Print the lines in the listing below that fall between the line with "Op de afbeelding: Een" and the line with "Green car toy with blur black background", those two lines included, exactly as they stand and with nothing else.

Information shown |
----

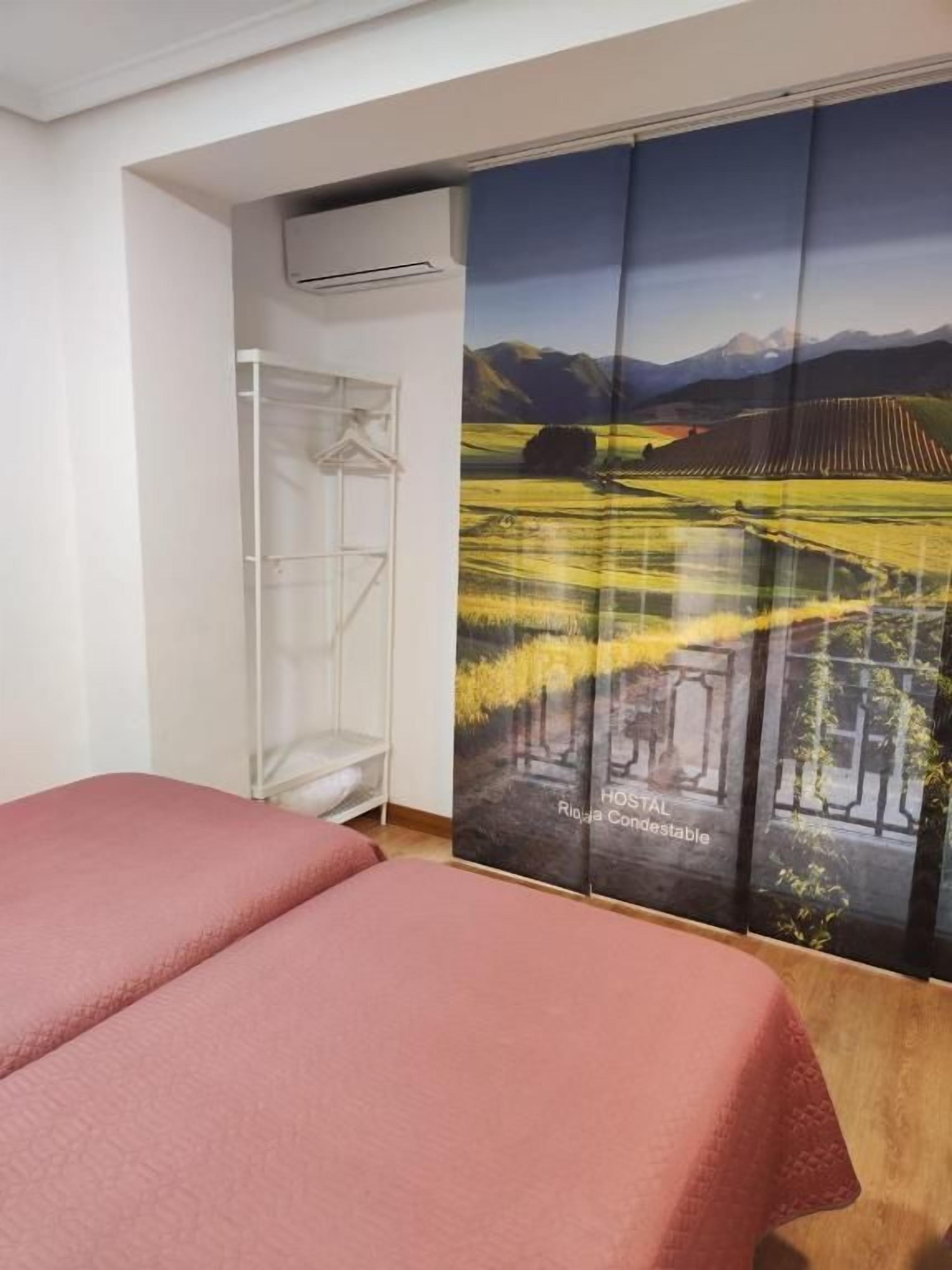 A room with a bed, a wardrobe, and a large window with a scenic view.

----

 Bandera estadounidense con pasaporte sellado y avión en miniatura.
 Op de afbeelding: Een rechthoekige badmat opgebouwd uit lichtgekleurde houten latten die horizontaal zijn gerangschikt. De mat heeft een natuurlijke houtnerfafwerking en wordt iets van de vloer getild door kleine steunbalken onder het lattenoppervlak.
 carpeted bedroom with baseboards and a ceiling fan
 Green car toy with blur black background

----

Answer space |
 Op de afbeelding: Een rechthoekige badmat opgebouwd uit lichtgekleurde houten latten die horizontaal zijn gerangschikt. De mat heeft een natuurlijke houtnerfafwerking en wordt iets van de vloer getild door kleine steunbalken onder het lattenoppervlak.
 carpeted bedroom with baseboards and a ceiling fan
 Green car toy with blur black background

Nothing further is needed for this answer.